10. AREE MILITARI DISMESSE. Circa un milione di metri quadri (attualmente a destinazione area militare) sono l’oggetto del
Protocollo d’Intesa firmato nel maggio 2009 tra il Comune di Milano ed il Ministero della Difesa. Quale sarà l’indirizzo politico di
sviluppo di tali aree nel caso sia eletto sindaco, anche in relazione al disegno di legge 1373 che prevede la costituzione della società
di diritto privato “Difesa Servizi s.p.a.” incaricata della compravendita delle aree militari?
MICHELE SACERDOTI RISPONDE (09/10/2010): Vedi punto 9.

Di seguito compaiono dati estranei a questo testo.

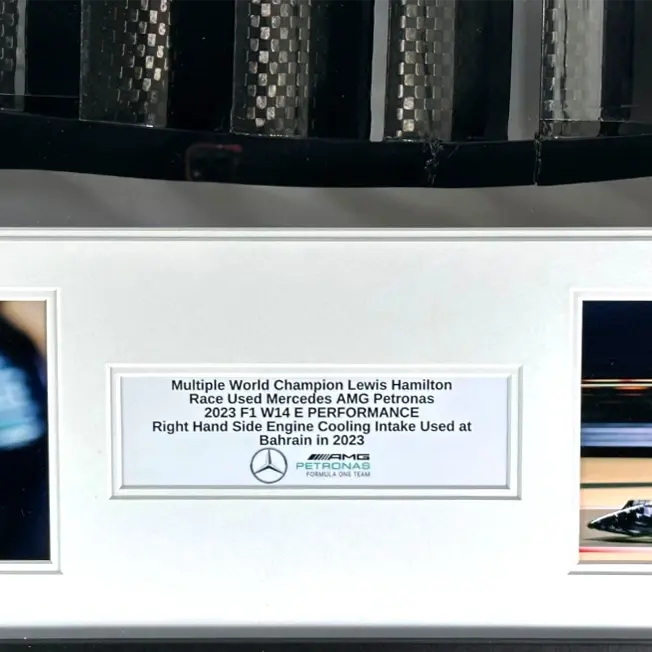 Miniature : Prise admission F1 Mercedes AMG 2023 authentique signée par Lewis Hamilton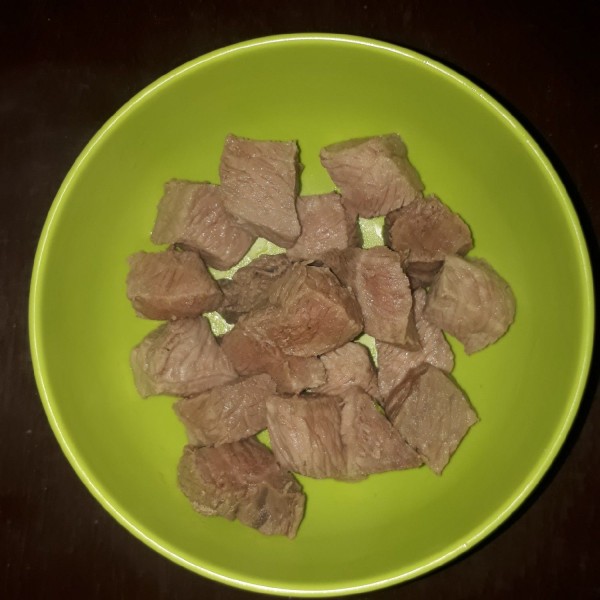 Rebus daging hingga matang. Angkat dan biarkan sampai dingin lalu potong dadu 2×2 cm. Sisihkan.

VALERIO ONIDA RISPONDE (13/10/2010): Ecco un esempio di ciò che si diceva al punto 9. La mania delle s.p.a. dilaga nel
nostro paese. Fra poco avremo l’esercito o la polizia s.p.a. ! A parte gli scherzi, un conto è valorizzare e usare bene i beni di
proprietà pubblica (giusto), un altro vendere o svendere un patrimonio che potrebbe essere destinato a usi di interesse generale
(salvo naturalmente casi particolari, in cui si potrebbe vendere destinando il ricavato a riduzione del debito pubblico).
GIULIANO PISAPIA RISPONDE (18/10/2010): vedi punto 9.
STEFANO BOERI RISPONDE (21/10/2010): Ho già risposto nel punto 9 sulla possibile destinazione delle aree ex-militari. Su
“Difesa Spa”, penso sia un modo sbagliato e rischioso di gestire il destino di beni che, in capo allo Stato o ai Comuni, rimangono
comunque pubblici (quindi di tutti noi). Già in troppe occasioni abbiamo visto come questa impostazione, invece di portare
maggiore efficienza e minori costi per la collettività, ha aumentato solo la discrezionalità e l'opacità delle scelte, come pure i rischi di
lottizzazione politica. Da Sindaco mi impegnerò per aumentare la trasparenza degli atti e delle decisioni, anche di quelle che
necessitano di intese con altri enti.